11.10.10

Wortelsysyteem.

















Bomen bezitten een uitgestrekt wortelsysteem. De wortels zijn nodig om de boom houvast te geven en water en andere essentiële elementen uit de bodem te ontrekken. De meeste boomwortels groeien ondiep en zelden meer dan een meter onder de grond. Uiteraard zijn er uitzonderingen op de regel. Dennen (Pinus) bijvoorbeeld hebben een penwortel die vanuit de stamvoet recht de grond ingaat. Bij de grove den (Pinus sylvestris) kan die tot 15 meter diep gaan. Gelijkaardige aanpassingen hebben soorten die op droge, rotsige bodems groeien.

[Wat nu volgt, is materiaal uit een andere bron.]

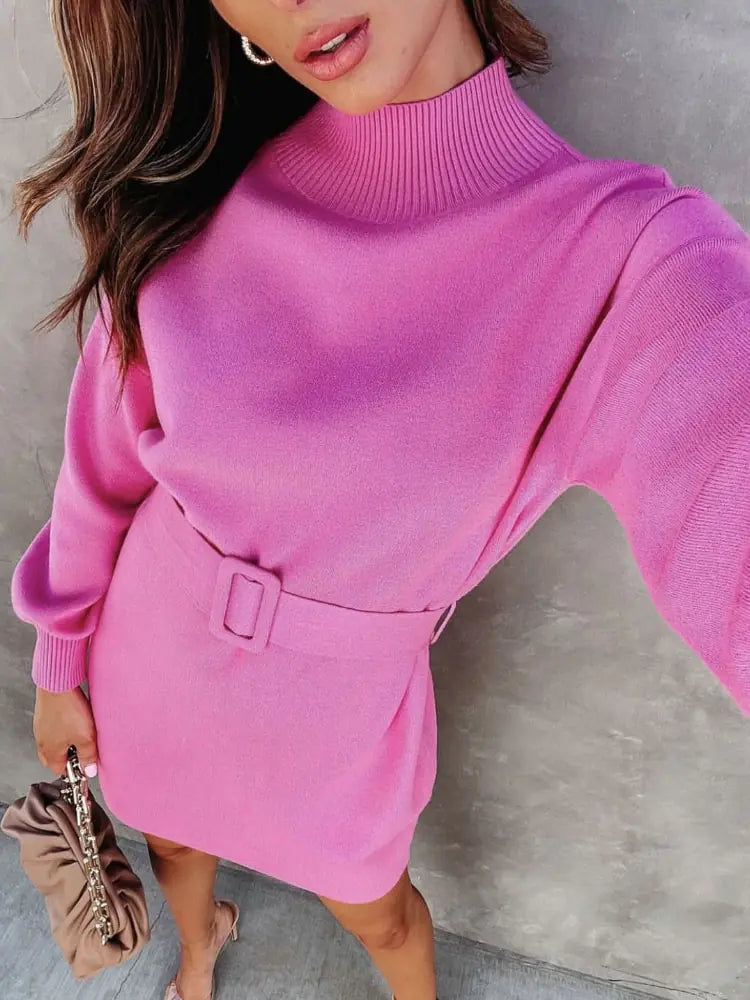 Elegante vestido suéter de cuello alto con cinturón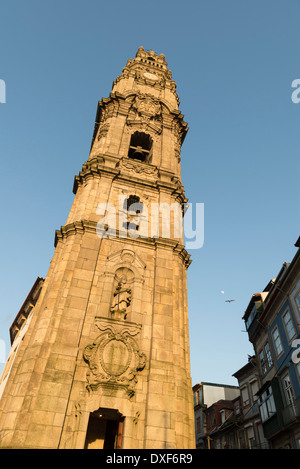 Tour des Clercs (Torre dos Clerigos) à Porto (Portugal) Banque D'Images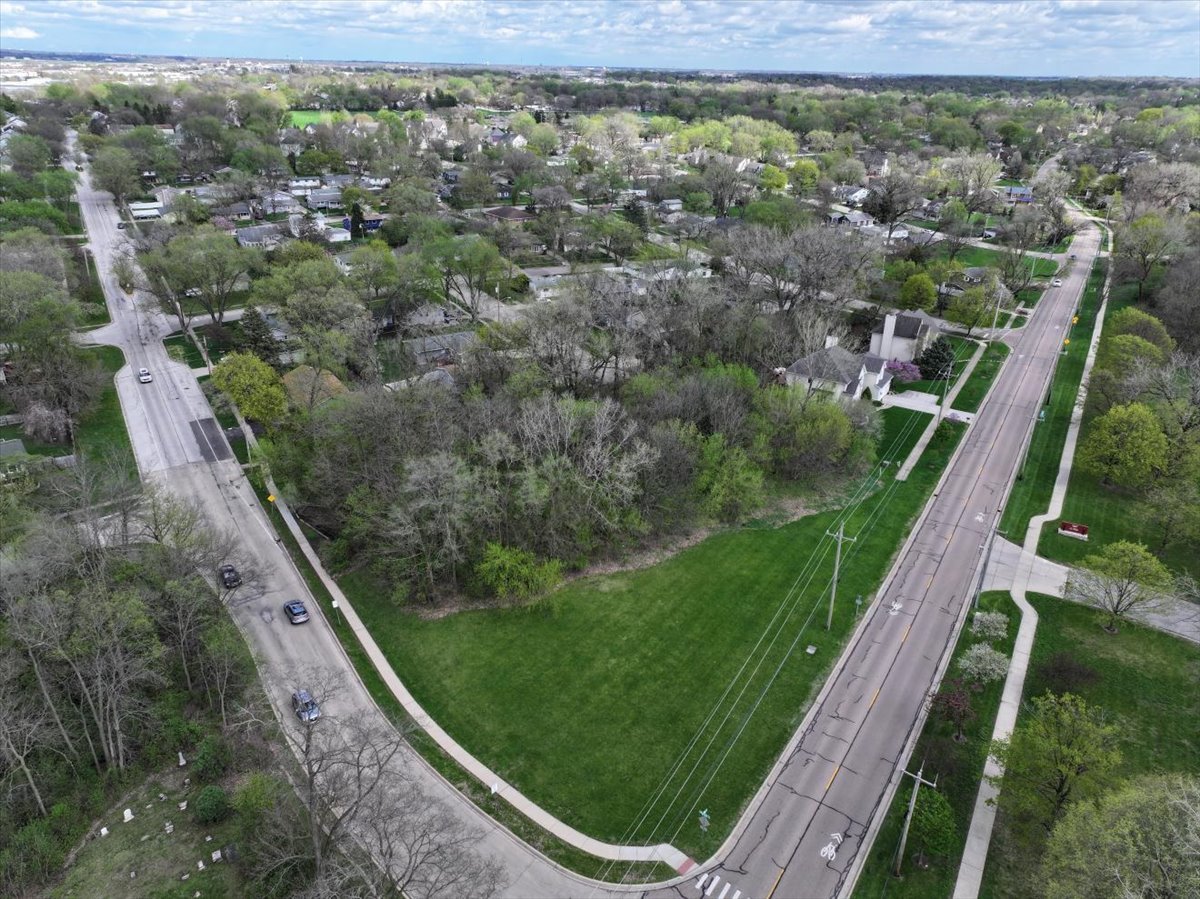 1009 S 9th Avenue, St. Charles, IL 60174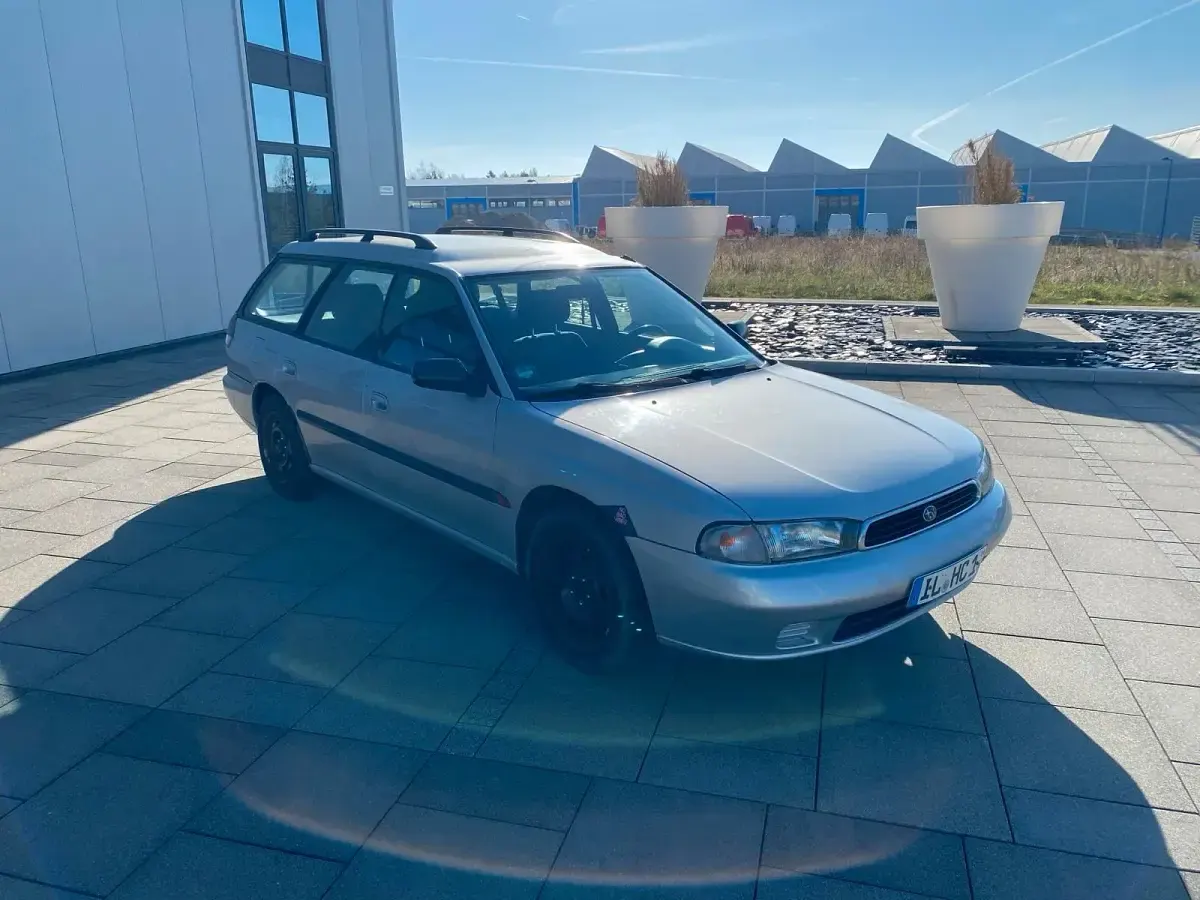 Gebraucht Subaru Legacy 116 PS (85 kW) 1997 Silber Kombi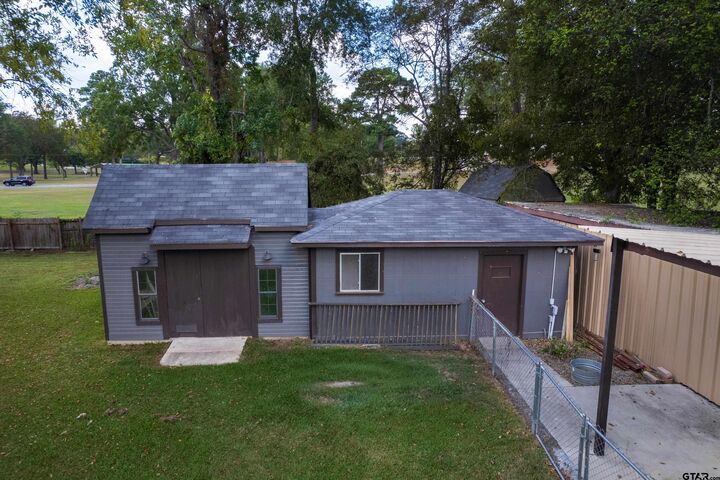 Property Photo:  1010 S Williams Ave.  TX 75455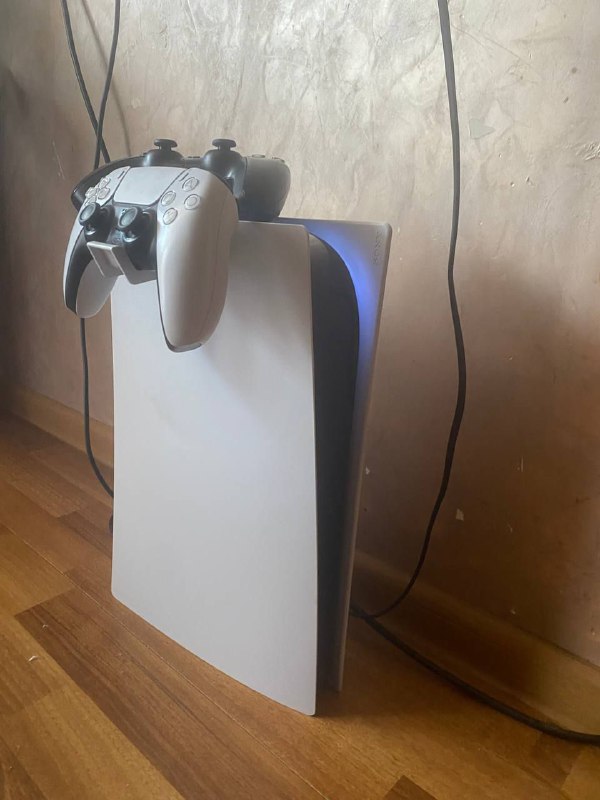 PlayStation 5 с дисководом, 1 ТБ, два геймпада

De wortels zoeken hun weg over een grote oppervlakte. Indien alle (haar)wortels, die over een bosoppervlakte van 1 ha in de eerste 70 cm van de bodemlaag aanwezig zijn, aan elkaar worden geknoopt, omvatten ze een afstand van 31000 km of ongeveer ¾ van de omtrek van de aarde. De hoofdwortels zijn erg sterk en vaak scherp als een speer. Ze zijn bij machte door verharding te dringen of ze naar omhoog te duwen. Wandelaars ervaren dit maar al te vaak door erover te struikelen.